** RECORDED INFORMATION follows **

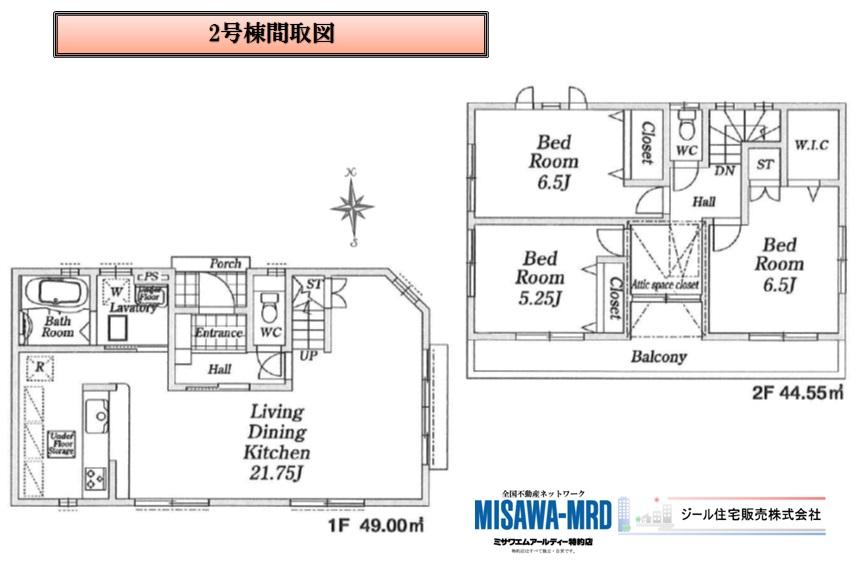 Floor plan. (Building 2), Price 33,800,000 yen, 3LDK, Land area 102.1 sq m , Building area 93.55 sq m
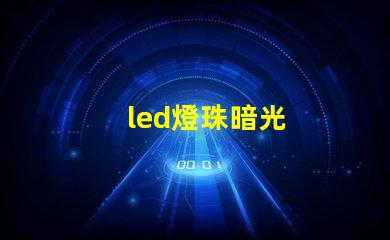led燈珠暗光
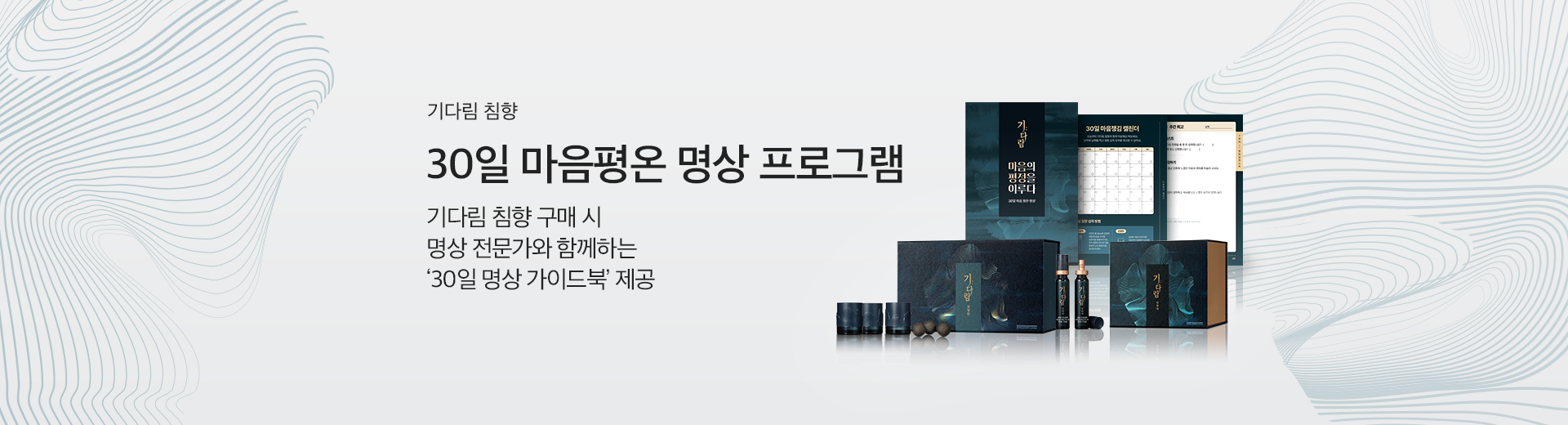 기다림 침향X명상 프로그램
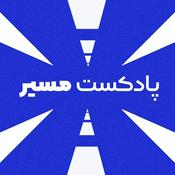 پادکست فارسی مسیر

** End of RECORDED INFORMATION **
** RECORDED INFORMATION follows **

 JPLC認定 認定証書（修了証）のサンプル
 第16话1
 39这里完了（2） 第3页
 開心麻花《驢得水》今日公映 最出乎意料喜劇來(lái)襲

** End of RECORDED INFORMATION **

EXERCISE: Reproduce the data above exactly, but only the lines from the one showing "Floor plan. (Building" through the one showing "پادکست فارسی مسیر", with both ends kept and the pictures left out.

EXERCISE OUTPUT:
 Floor plan. (Building 2), Price 33,800,000 yen, 3LDK, Land area 102.1 sq m , Building area 93.55 sq m
led燈珠暗光
 기다림 침향X명상 프로그램
 پادکست فارسی مسیر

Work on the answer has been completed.